2. Tell us more about your internship: main subject, who is your mentor, what you have learned and especially, what surprised you the most within these months?
I am developing a distributed hash table (DHT) for file sharing during a three-month internship from June to August 2021, under the supervision and mentorship of research engineers Vivien Pelletier and Julien Tesson at Nomadic Labs.
A hash table is a key-value store; you need a key to retrieve each piece of stored information. However as your store grows you become limited by computer memory. The distributed nature of DHTs addresses this issue: the data is distributed around different computers on the internet. An example of a DHT is the IPFS distributed web.

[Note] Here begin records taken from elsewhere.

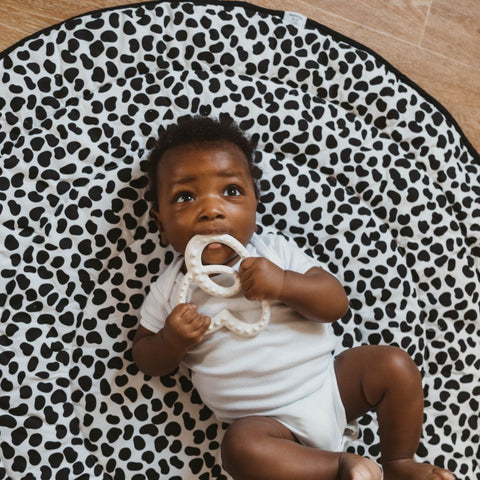 a baby chewing on the etta loves logo teether on an animal print playmat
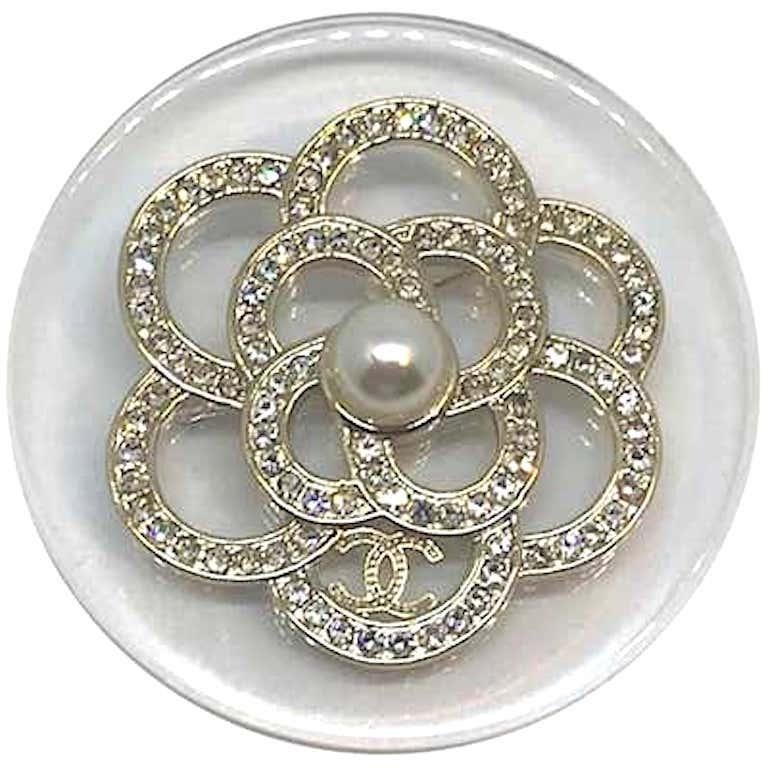 Easily worn with every outfit, this Spring 2018 collection Chanel pin is very versatile. It feature's Chanel's iconic camelia flower set with rhinestones and a central faux pearl set atop a clear lucite disk. It measures 2.15 inches in diameter.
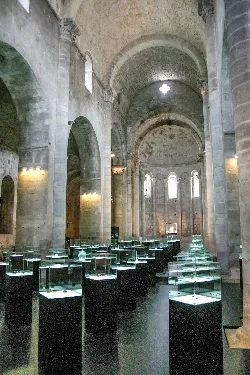 Vitrinen in einem archäologischen Museum mit Steingemäuern und Bögen.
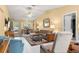 Bright living room featuring neutral walls, vaulted ceiling, ceiling fan, and comfortable seating arrangement at 9335 Sw 85Th Ter # A, Ocala, FL 34481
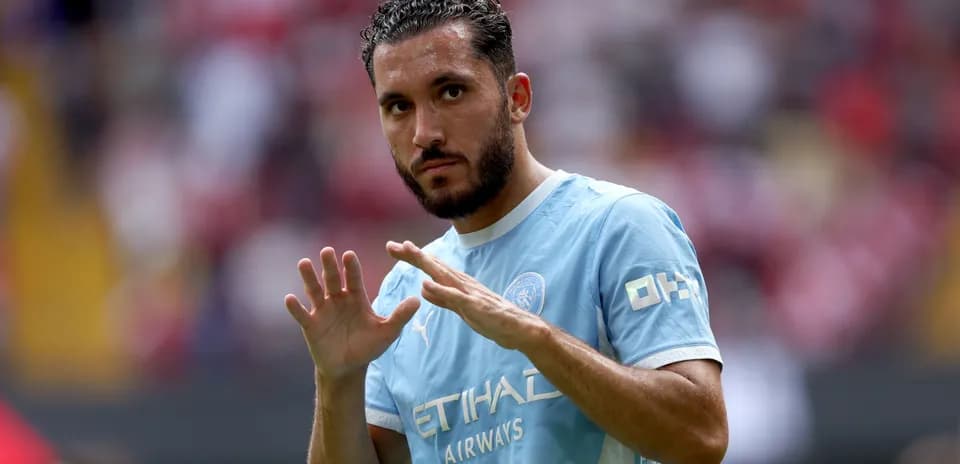 Player gesturing during warm-up before match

There are several ways to implement a DHT. We have chosen one that exploit the Tezos peer-to-peer (P2P) library as an off-the-shelf and well-tested component. With it, the distributed parts of the distributed hash table (called peers) can communicate.

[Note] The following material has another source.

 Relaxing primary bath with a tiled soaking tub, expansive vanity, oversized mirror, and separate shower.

This project aims to test the architecture of the peer-to-peer library of Tezos in these somewhat different circumstances:
- In the Tezos blockchain, connections between peers are arbitrary, whereas in a DHT connections follow specific patterns and rules.
The size of a message sent across the Tezos network is typically a few kilobytes, and only occasionally megabytes. The Tezos network protocol never requires to transfer a message more than 100 megabytes; meanwhile the serialization library (which interfaces between the Tezos network protocol and the peer-to-peer library itself) is limited to a message size of 1 gigabyte.
My DHT places no theoretical limit on message size (though there are practical ones, e.g. disk space) so we intend to benchmark and then optimize performance of the peer-to-peer network using my DHT, to see how far we can scale practical message size. We hope to attain at least gigabytes — thus ensuring that the practical capabilities of the peer-to-peer library are a thousandfold above that required by the exigencies of the Tezos network.
After a bit more than a month, I (with help from my mentors) have built a prototype of DHT and tested it using the library for unit and integration testing from Tezos. To achieve this, I had to familiarize myself with part of the Octez codebase, which is the Tezos implementation to which Nomadic Labs contributes.
I thank Vivien and Julien for explaining the innards of a full-scale industrial codebase running live and safety-critical code. This experience has also brought home to me how just one tiny mistake in a distributed system can corrupt the entire network!
3. Why did you choose to become a part of the blockchain ecosystem and Nomadic labs? What are your plans after completing this internship?
I chose Nomadic Labs because the company applies formal methods to build robust, open-source software with the OCaml programming language. In particular, their smart-contract stack-based language Michelson is the only one of its kind to be formalized!
Blockchains are in an exploratory phase, so they raise many technical challenges and create many opportunities for innovation and discovery. The end goal is to build resilient, transparent, and accessible systems.
After this internship, I hope to continue working with functional programming languages and formal methods.
Julien is independent, and in a good way. Our supervision consists mostly of discussing objectives for the week and answering his many penetrating technical questions.
This peer-to-peer layer is tailored to the OCaml Tezos node implementation (which is now called Octez). By using this layer for other purposes — sharing files, in this case — we hope to improve its maturity.
In developing a distributed hash table, Julien had to add some features to this layer that should be useful for future improvements of the Tezos node; for example, the possibility to query the related network address of a peer, given its cryptographic identity. Another feature that Julien plans to add is to let users of this layer configure the topology to their needs.